Shinzato worked as a civilian contractor for a cable and internet company at Kadena Air Base in Okinawa.
He has been charged with the murder, rape, and illegal disposal of a body in the death of Rina Shimabukuro, 20. She was reported missing on April 28 after going for a walk. Her body was found three weeks later.
Shinzato was born Kenneth Franklin Gadson. He took his Japanese wife’s last name.
Here’s a list of the most haunting facts of his confession:
In 2007, he claims he told Marine recruiters that he wanted to join the military primarily because he “wanted to kill people.”
He didn’t intend to kill Shimabukuro and claims he only stabbed her with a knife to “find out” if she was dead. “When I disposed of her, I thought she may have said something. I thought that she may be alive, so I stabbed her with a knife to find out.”
“When she passed my car and I saw her more clearly, I heard the voice in my head tell me, ‘It’s her’ and that she’s the one that will fulfill my fantasy.”
“I wasn’t 100 percent sure that she was the right one, but when I looked up, I saw a red, full moon and I just knew that that was a sign.” (He then hit her in the head with a stick.)
“I intended to hit her with the stick and make her lose consciousness, then put her in the suitcase, take her to a hotel and then rape her.”

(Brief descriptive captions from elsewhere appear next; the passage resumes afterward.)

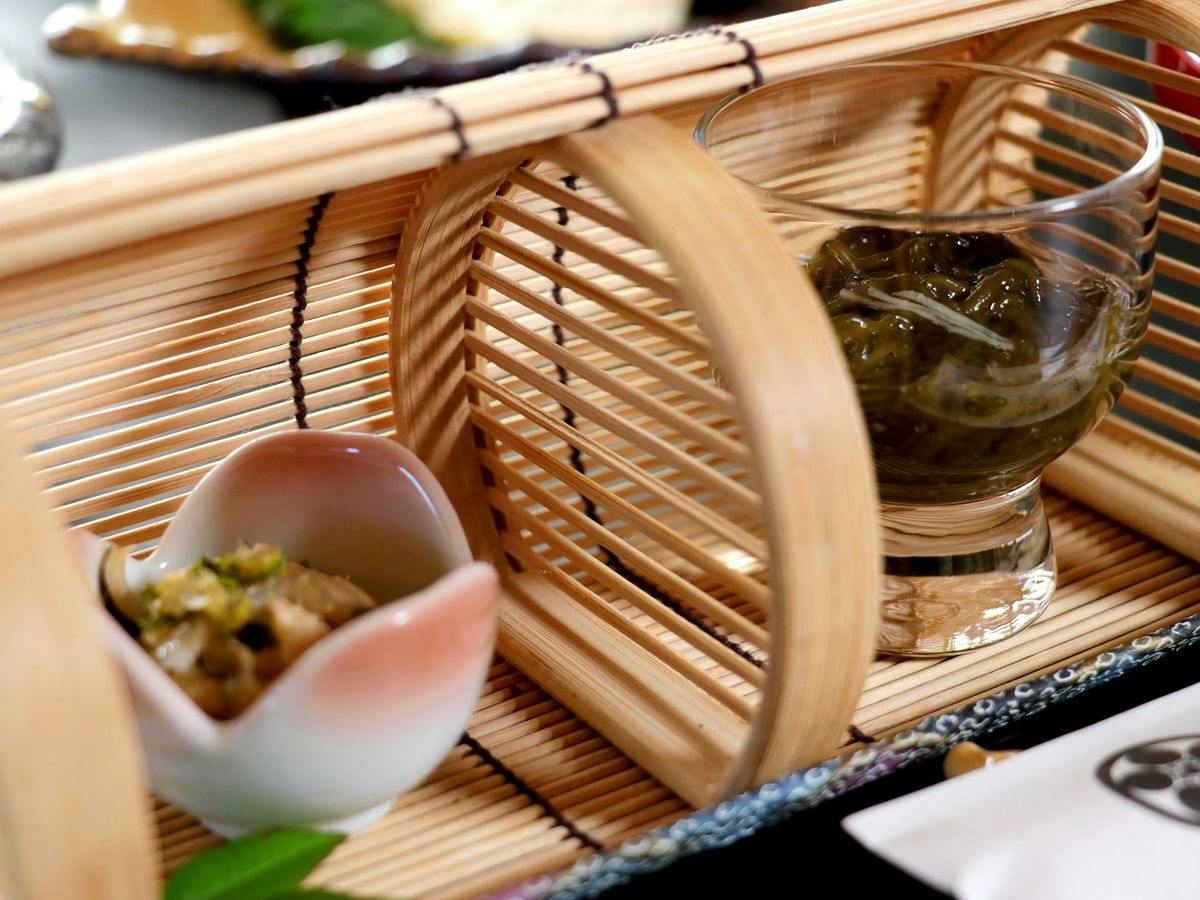 Business Ryokan Kiraku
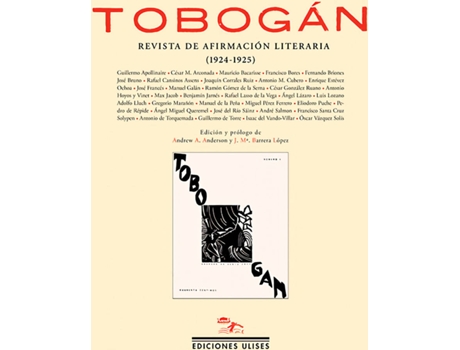 Livro Tobogán de Vários Autores (Espanhol)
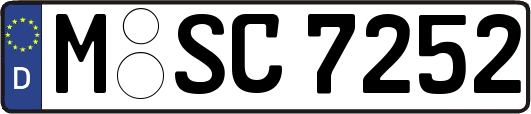M-SC7252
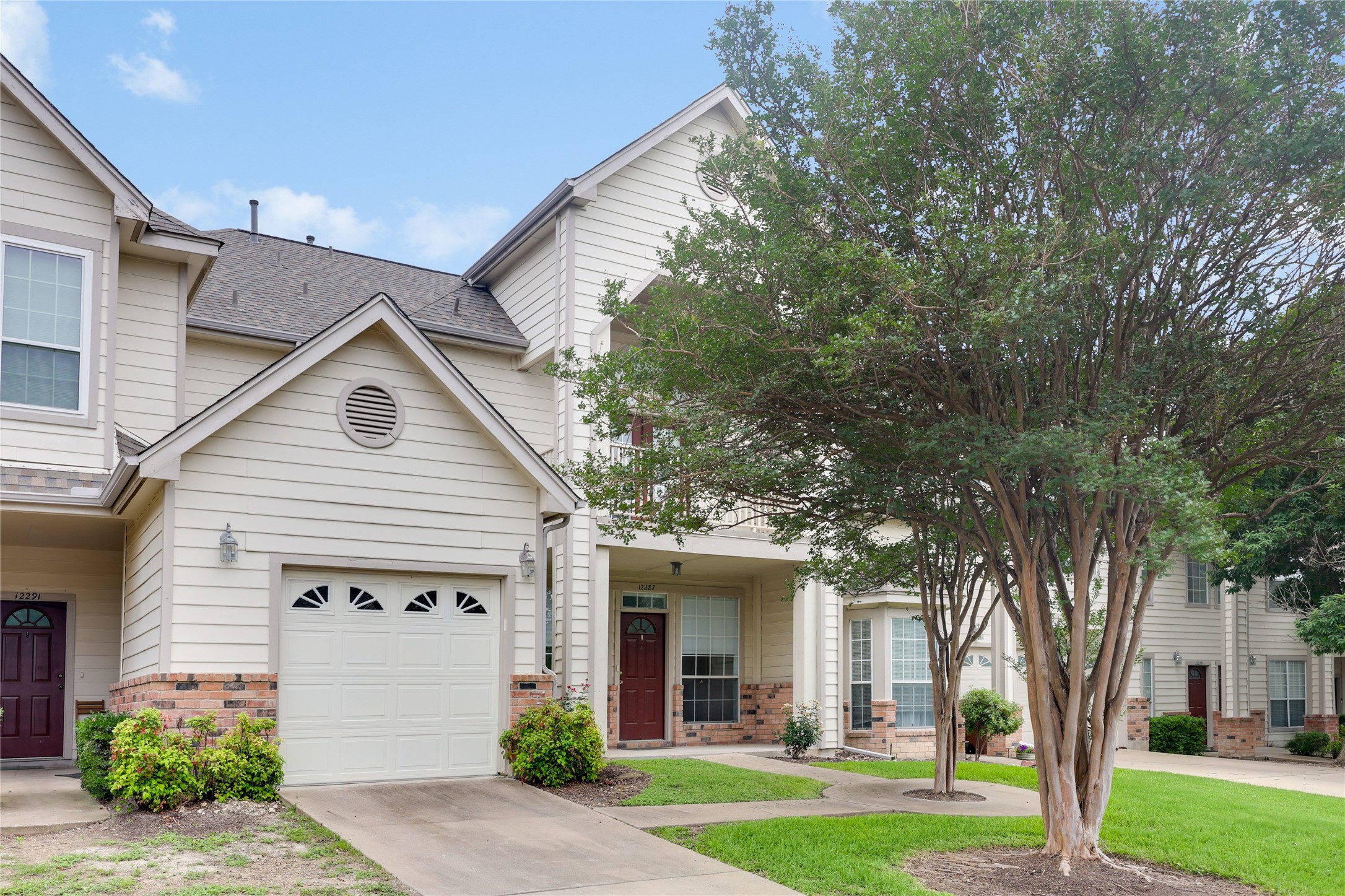 12287 Abbey Glen Ln D-1 — photo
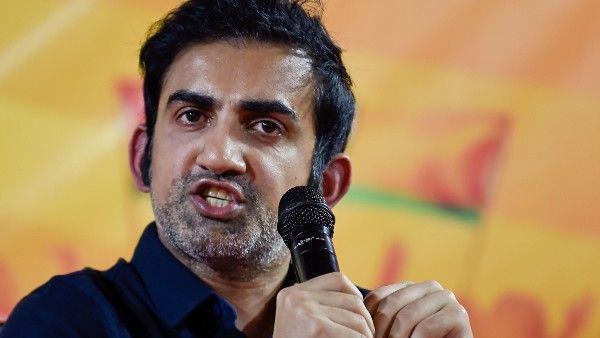 नूपुर पर बोले गौतम गंभीर- माफी मांगने के बाद आने वाली धमकियों पर 'सेक्युलर लिबरल्स' की चुप्पी चिंताजनक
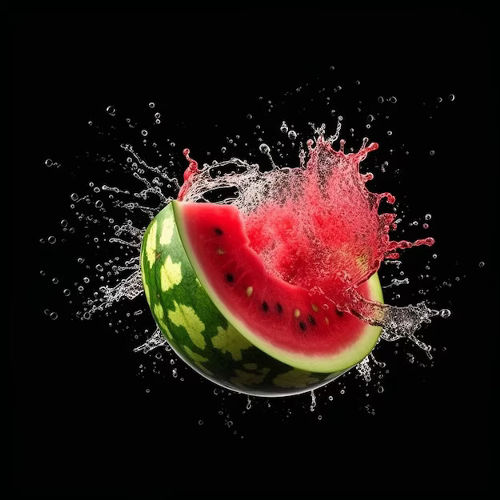 Watermelon Blast 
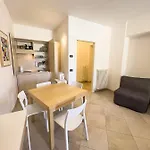 شقة All'orologio 4*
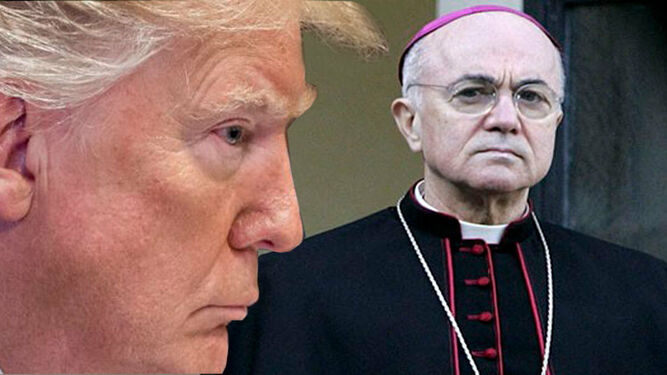 Trump-Viganó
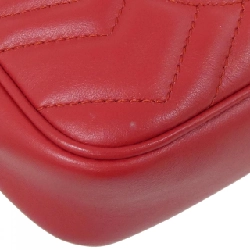 Túi đeo vai GG MARMONT 448065 DTD1T của Gucci - Hàng hiệu chính hãng 802923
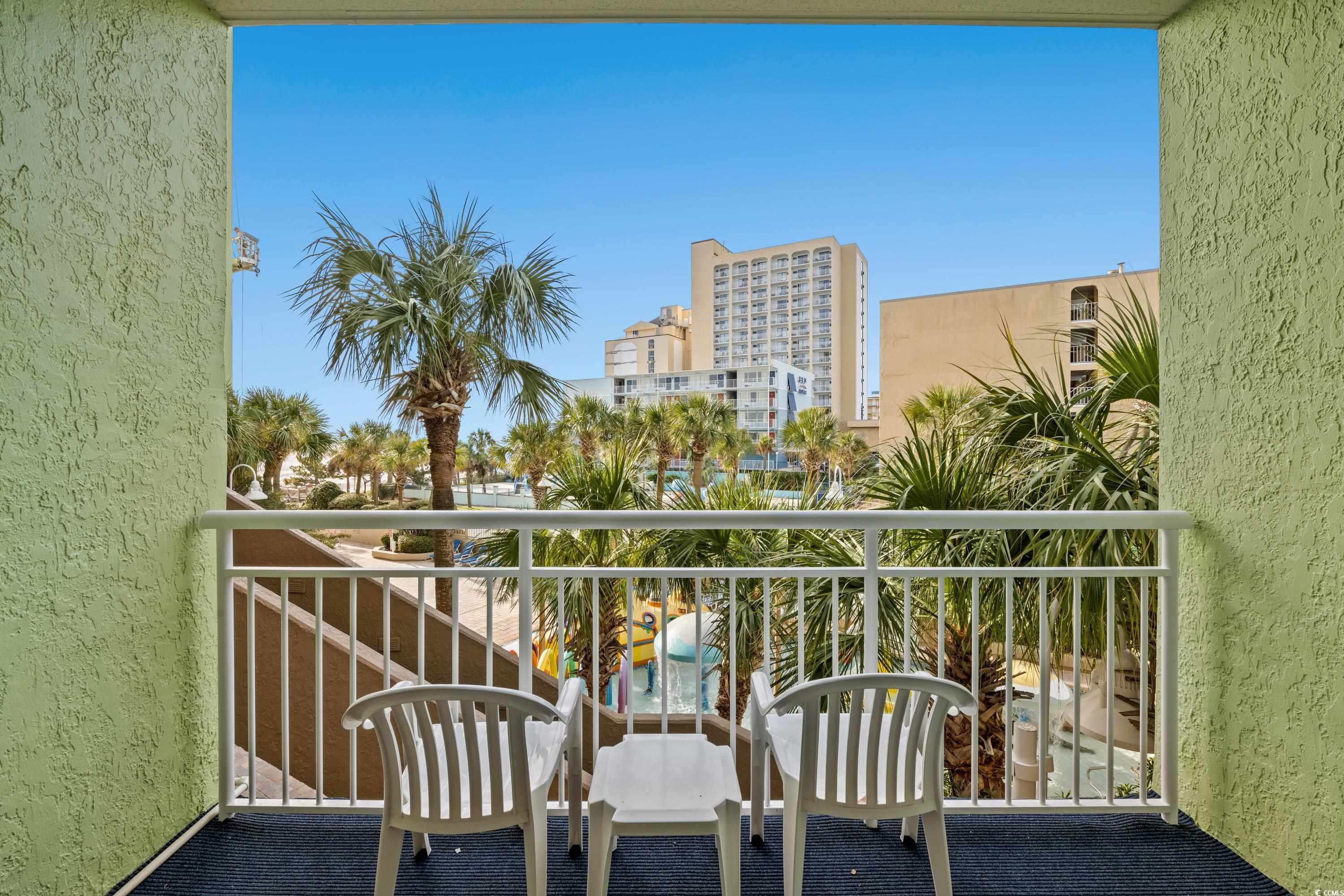 1105 S Ocean Blvd. Property Photo 2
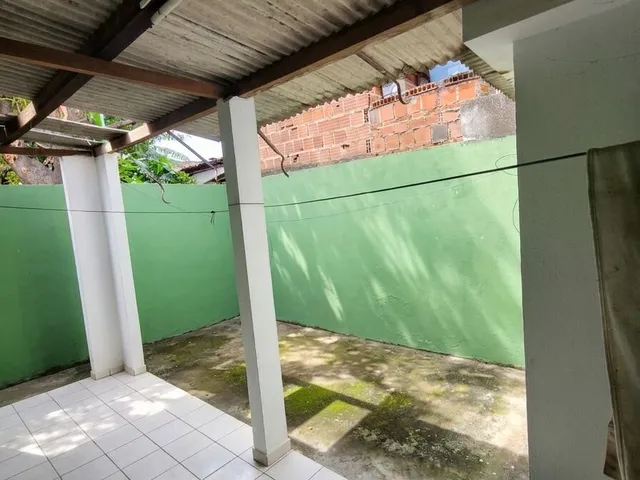 Imagem 3: SIQUEIRA VENDE: CASA COM 2 QUARTOS EM CAJUEIRO SECO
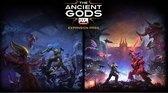 DOOM Eternal: The Ancient Gods - Game Uitbreiding - Nintendo Switch Download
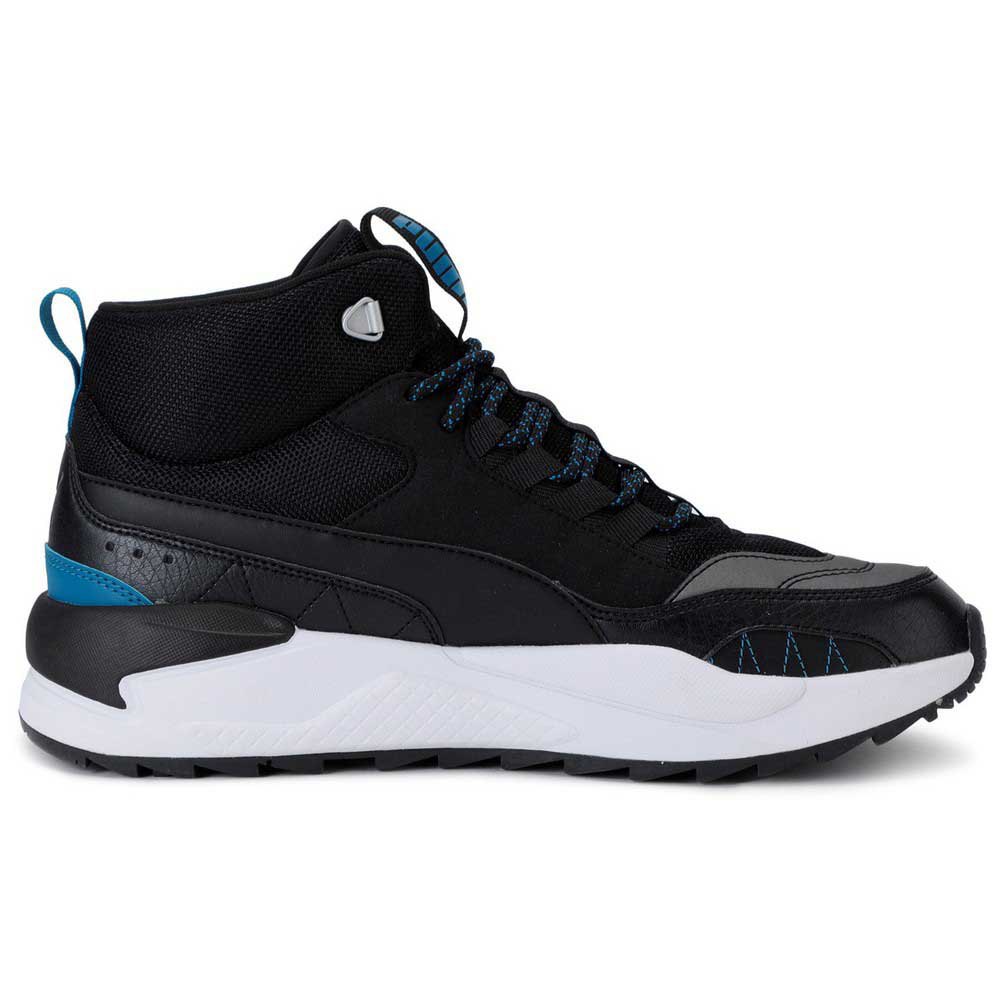 Tenis Puma X-ray 2 Square Mid Wtr Para Hombre - Originales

“I was expecting the police to come for me in a few days, but since they didn’t I stopped worrying about it. I continued with my daily routine and went to work as usual. I didn’t really think about the girl.”
Shinzato will start his pretrial process on March 10 and his trial is likely to begin around June.
matsuki wrote::puke:
Lock this mental case up for life. Please...
wagyl wrote:matsuki wrote::puke:
Lock this mental case up for life. Please...
That is a bit harsh. I know that Mike can get a bit extreme sometimes, but I don't think you can call him a full-blown mental case.
In 2007, he claims he told Marine recruiters that he wanted to join the military primarily because he “wanted to kill people.”
Mike Oxlong wrote:In 2007, he claims he told Marine recruiters that he wanted to join the military primarily because he “wanted to kill people.”
Pretty sure them's the magic words if you wanna wear the uniform.